The defining factor of our children’s success (spiritual, moral, or material) is not whether they have the resources provided by good parents, but whether they were given the gift of resourcefulness. Our job as parents is not to make our child this or that, good or bad, wise or foolish, successful or a wasteful. The only things parents can do is give their children the tools that will help them make good, honorable, and successful decisions in and for their lives. We can equip our children with the source of wisdom, be an example of wisdom, encourage them in wisdom, point them to wisdom, but in the end, we cannot make them choose wisdom. Yet, we still give this warning. It will be to the parent’s shame if the child never knew the way of wisdom.

 

 

*taken from Growing Families International. Used with permission.

 

Punishment versus Correction

Are punishment and correction the same thing? If not, what’s the difference? Let’s start by defining the terms: Punishment is the fitting retribution of an offense. In child training, it serves a moral purpose; it communicates to children a value of good and evil by the weight of punishment ascribed to each wrongful act. The administration of punishment is dependent upon and inseparably linked to the proper administration of authority. That means the right of punishment belongs only to those clothed with authority and who exercise such in submission to the wisdom of Scripture. Pain, loss, or restraint willfully inflicted on another person outside of the rightful administration of authority is aggression or revenge, but it is not punishment.
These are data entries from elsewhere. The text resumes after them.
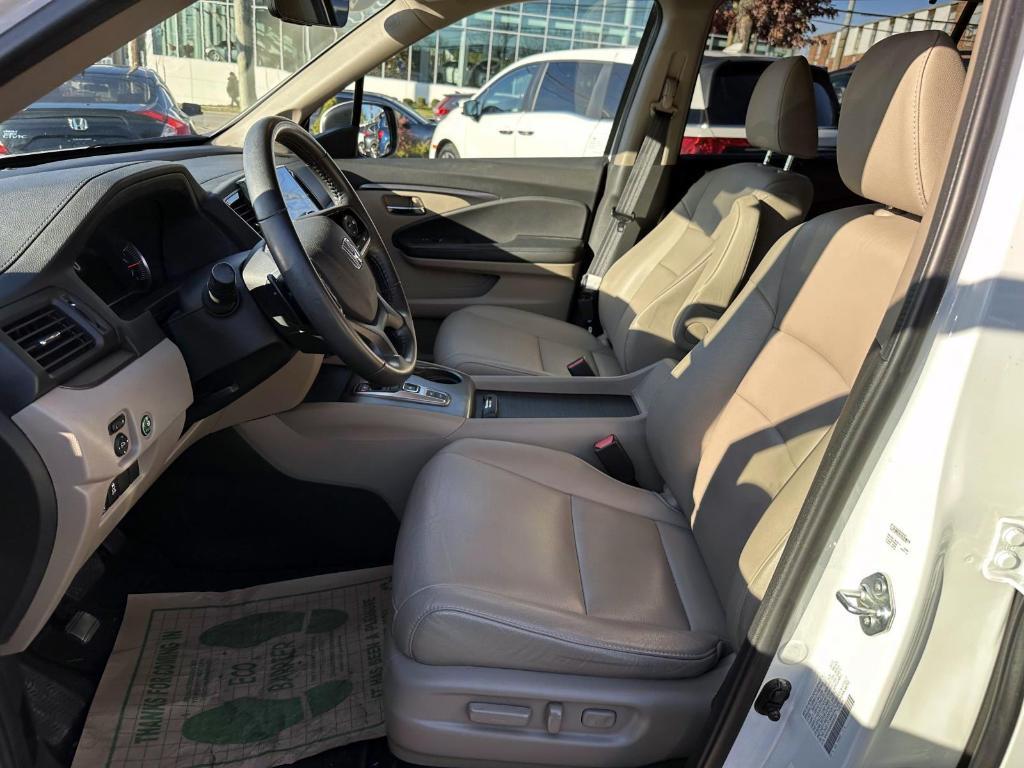 used 2022 Honda Pilot car, priced at $31,588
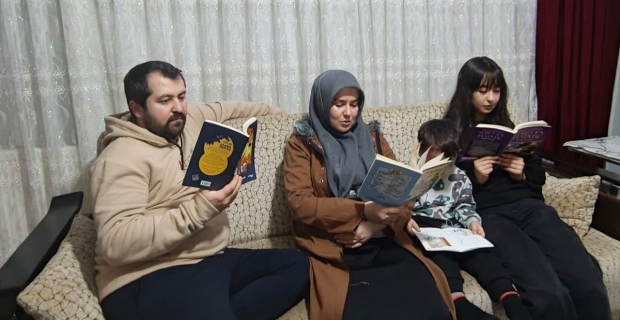 Kargı’da 19.19 okuma geleneği sürüyor: Aileler ve öğrenciler aynı anda kitap başında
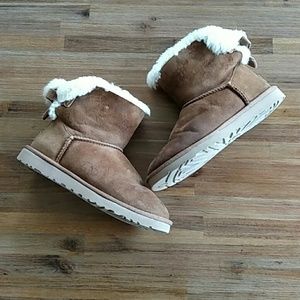 UGG Corduroy Short Bailey Sheepskin Boots
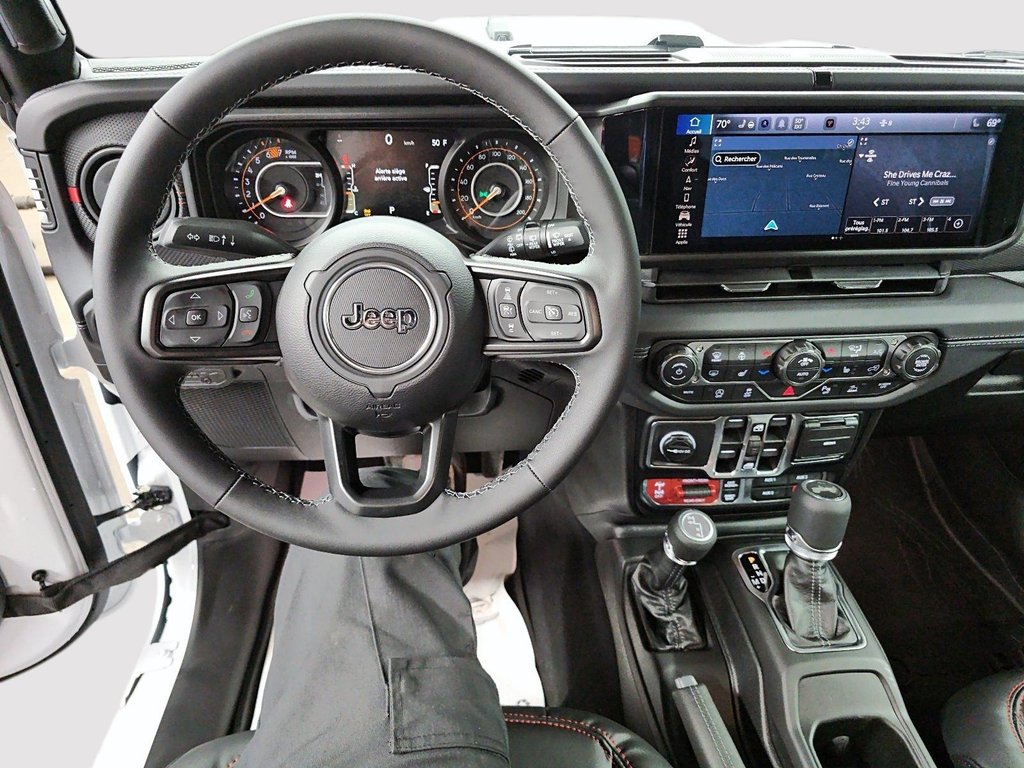 2027 Jeep Wrangler 4-Door RUBICON in St-Jean-Sur-Richelieu, Quebec - 14 - w1024h768px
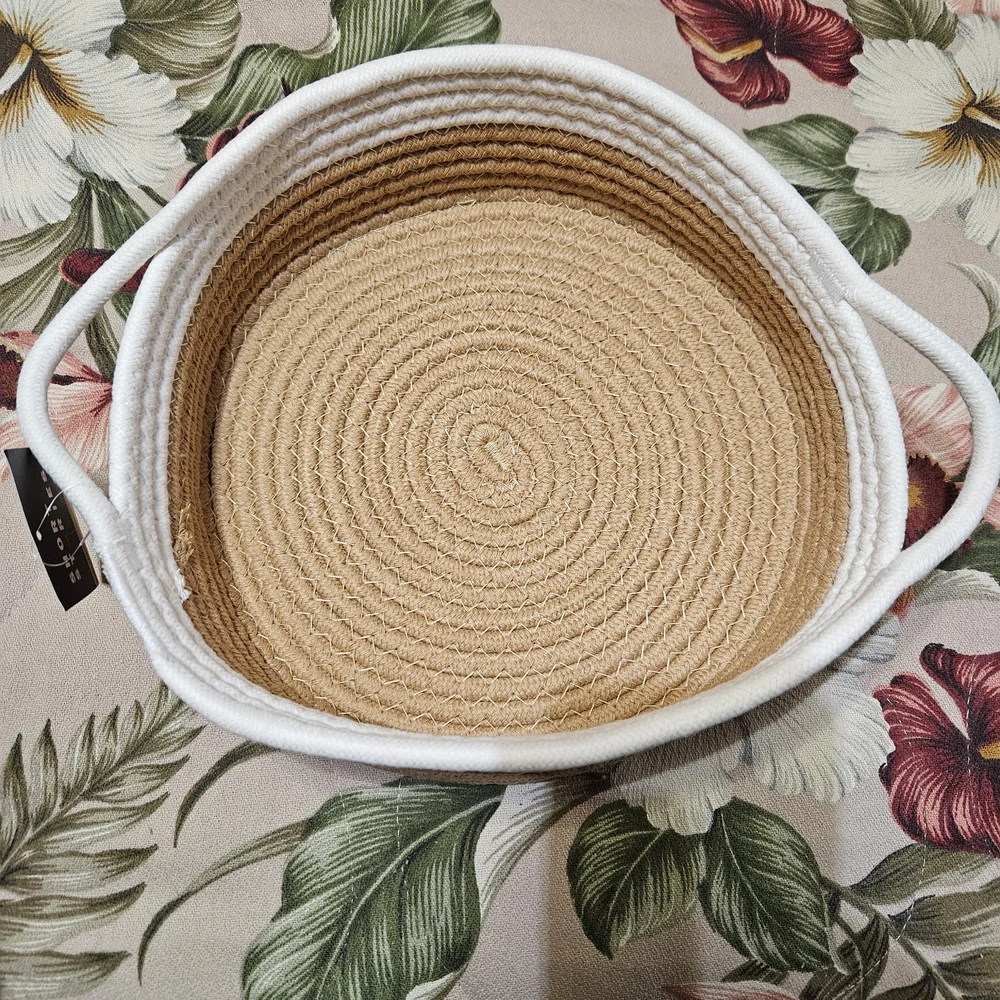 #623 White/Tan Rope Basket Round Woven Basket with Handle 7 Inch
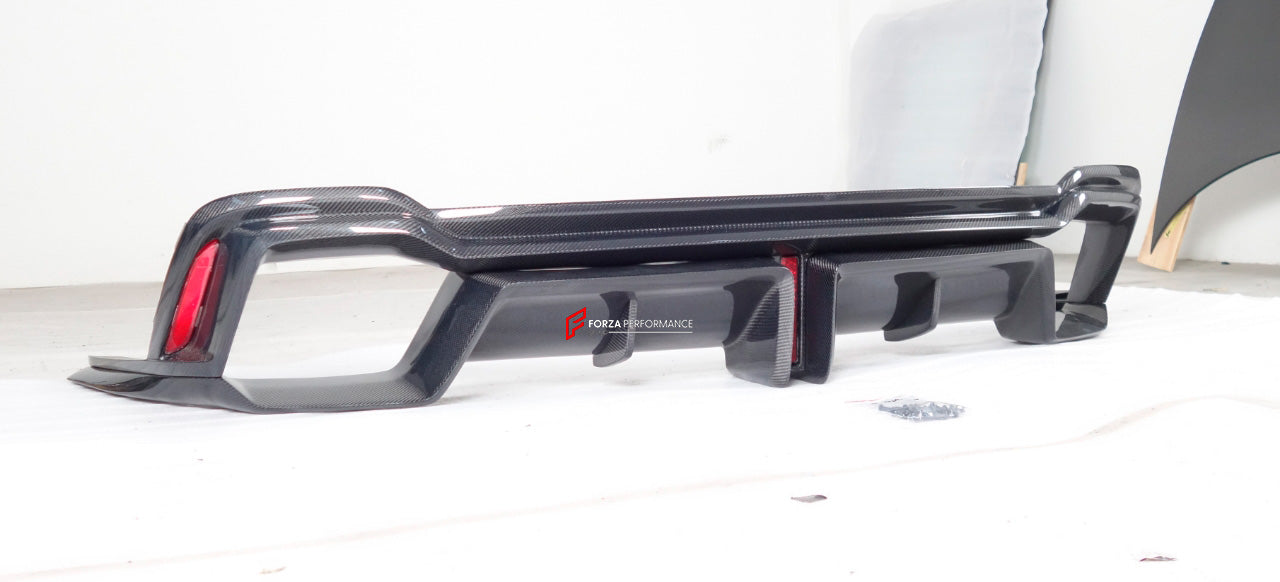 DRY CARBON BODY KIT for AUDI RS6 C8 FACELIFT 2024+

Set includes:

Hood
Front Bumper
Front Lip
Side Skirts
Rear Spoiler
Roof Spoiler

Rear Diffuser

Material: Carbon

NOTE: Professional installation is required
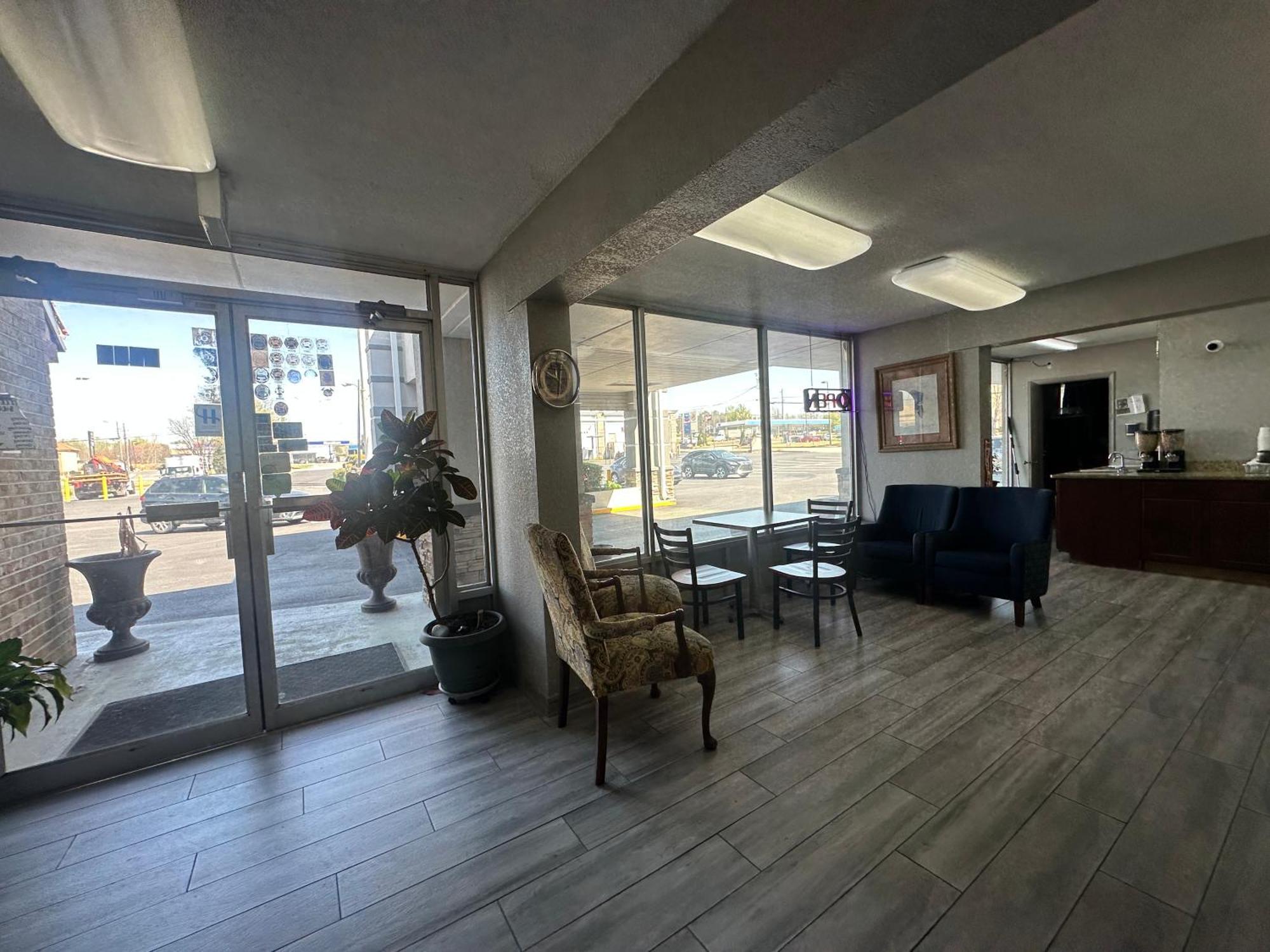 Executive Inn Locust Grove By Capital O Buitenkant foto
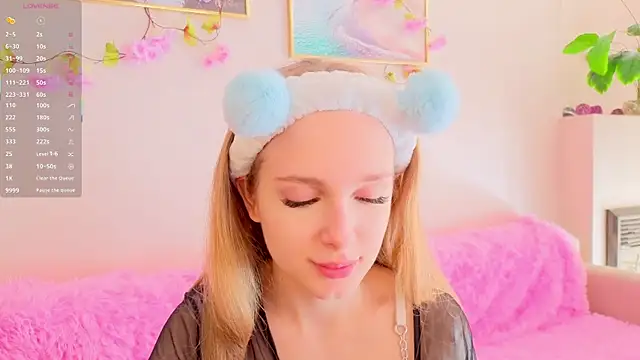 Snapshot of CindyGreen chatting on 17, 9, 2025 CindyGreen online show from 17, 9, 2025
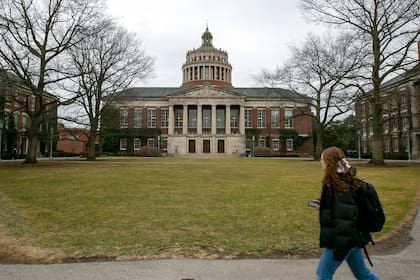 El programa apunta a neoyorquinos de entre 25 y 55 años que no tienen título universitario (AP Foto/Ted Shaffrey, Archivo)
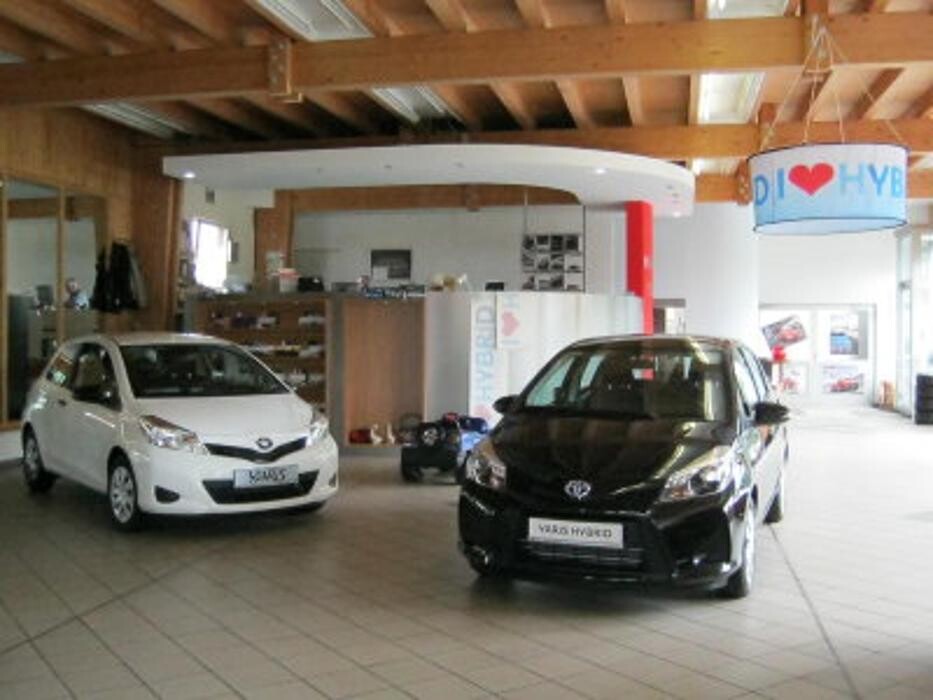Bilder Jochen Schmitt Toyota-Autohaus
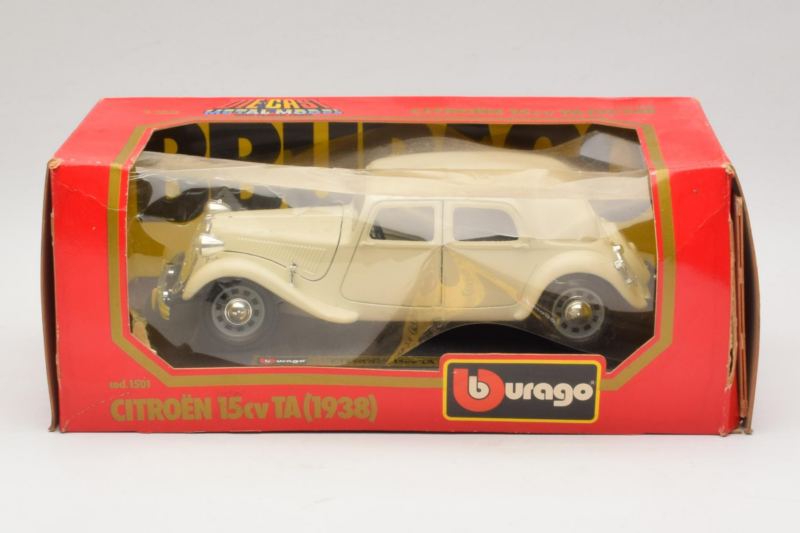 Citroen 15CV Traction Avant Bege Bburago 1:24 Citroen 15CV Traction Avant Bege Bburago 1:24 1501-B1 Metal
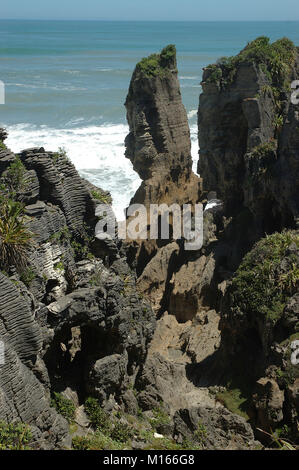 Crêpe Punakaiki Rocks ; Paparoa National Park ; le lin de Nouvelle-Zélande, Greymouth, Nouvelle-Zélande, NZ. Formations de roche calcaire en couches ; roches ; géologie ; P Banque D'Images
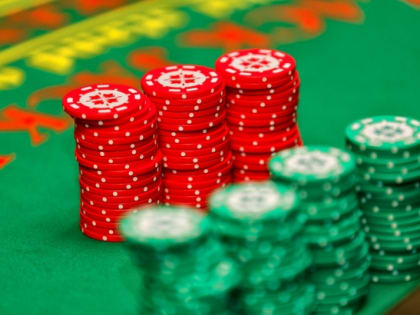 За организацию подпольного казино в Хабаровске осудят мужчину и трех женщин
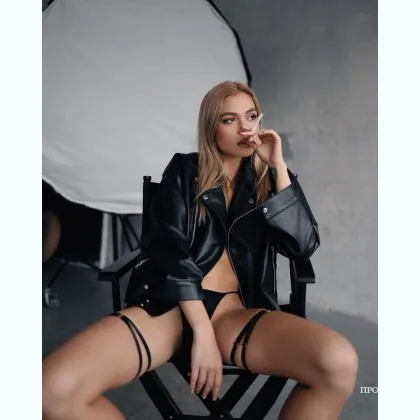 Мой наглый язычок хочет исследовать тебя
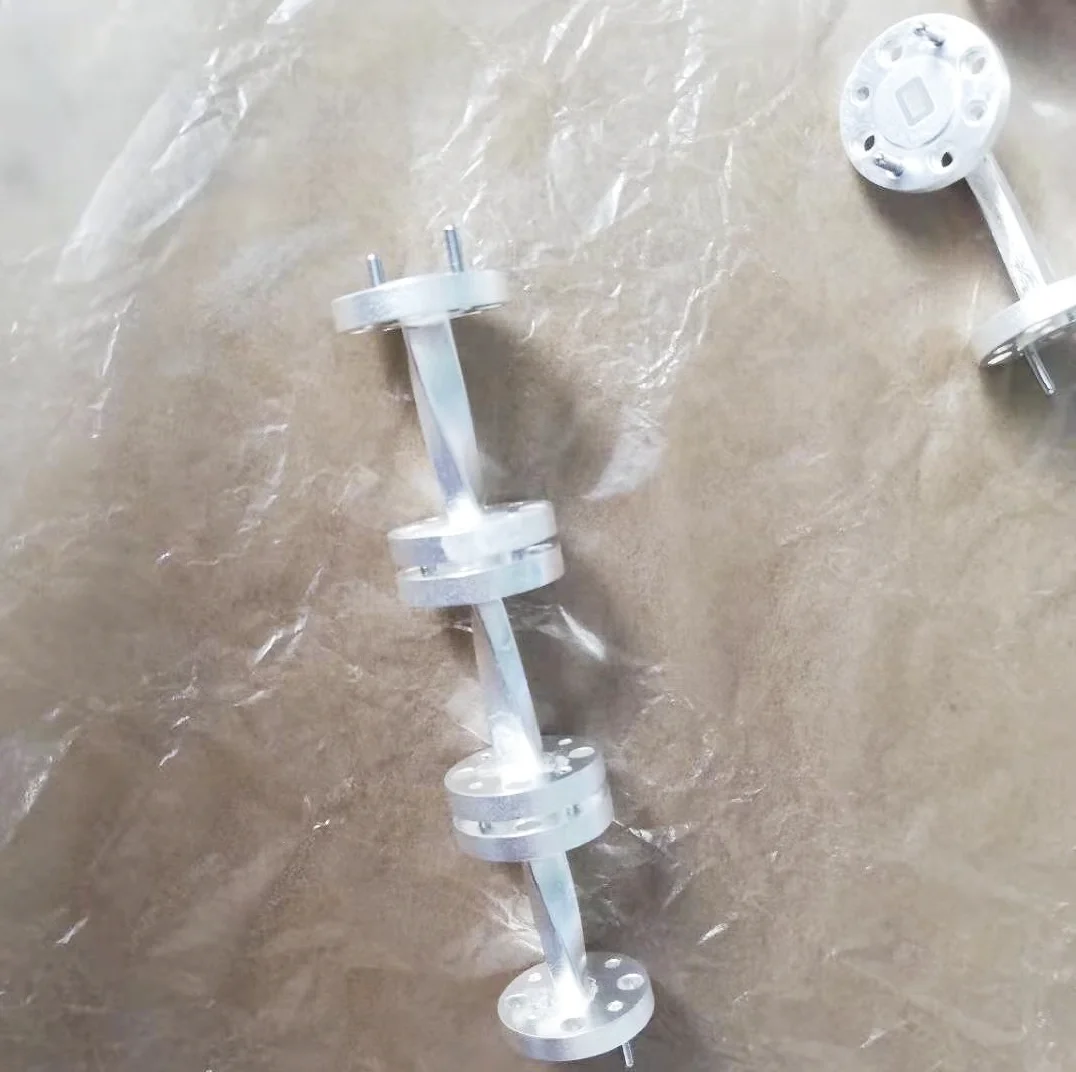 Microwave millimeter wave WR10 twist waveguide components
Punishment is one element of correction, but not all correction is tied to punishment. Correction is the act of bringing back from error or unacceptable deviation from the standard. The reason we correct our children is basic–it helps them learn. But in order to maximize the learning side of correction, we need to understand two governing principles.

 

The first one is this: The type of correction depends on the presence or absence of malicious intent. Parents should ask, “Was my child’s wrong action accidental or intentional? Did he know what he was doing was wrong?” The answers to those questions will help determine which type of correction will best serve the offense. This is the dividing line: separating the unintentional from the intentional.

 

The second rule of correction is this: The punishment/consequences must fit the crime. Punishment sets a value on behavior. That is why over-punishing or under-punishing is dangerous; both send the wrong message. When any society establishes a baseline for punishment, it is placing a value on the seriousness of a wrongful act. Punishment places a value on the action.

 

In parenting, a child’s sense of justice is established through punishment, not rewards. For example, if a child hits and bruises his sister with a plastic bat, and then is punished by receiving five minutes in the timeout chair, the parent established in the mind of the child that hurting other people is not a serious infraction. Over-punishments goes to the other extreme. When a parent says, “You left your light on after leaving your room and for that, you can’t have any friends over for a month,” that can easily be considered over-punishing. This fosters exasperation and more conflict.

Stay mindful of these two principles. Before an offense can be dealt with most effectively, the parent needs to ask two questions: “Was what my child did the result of an accident or was it malicious?” “Was it childishness or foolishness?” Second, “What punishment would fit the wrong and convey the right value message?

 

Excerpt taken from Growing Kids God’s Way by Gary and Anne Marie Ezzo.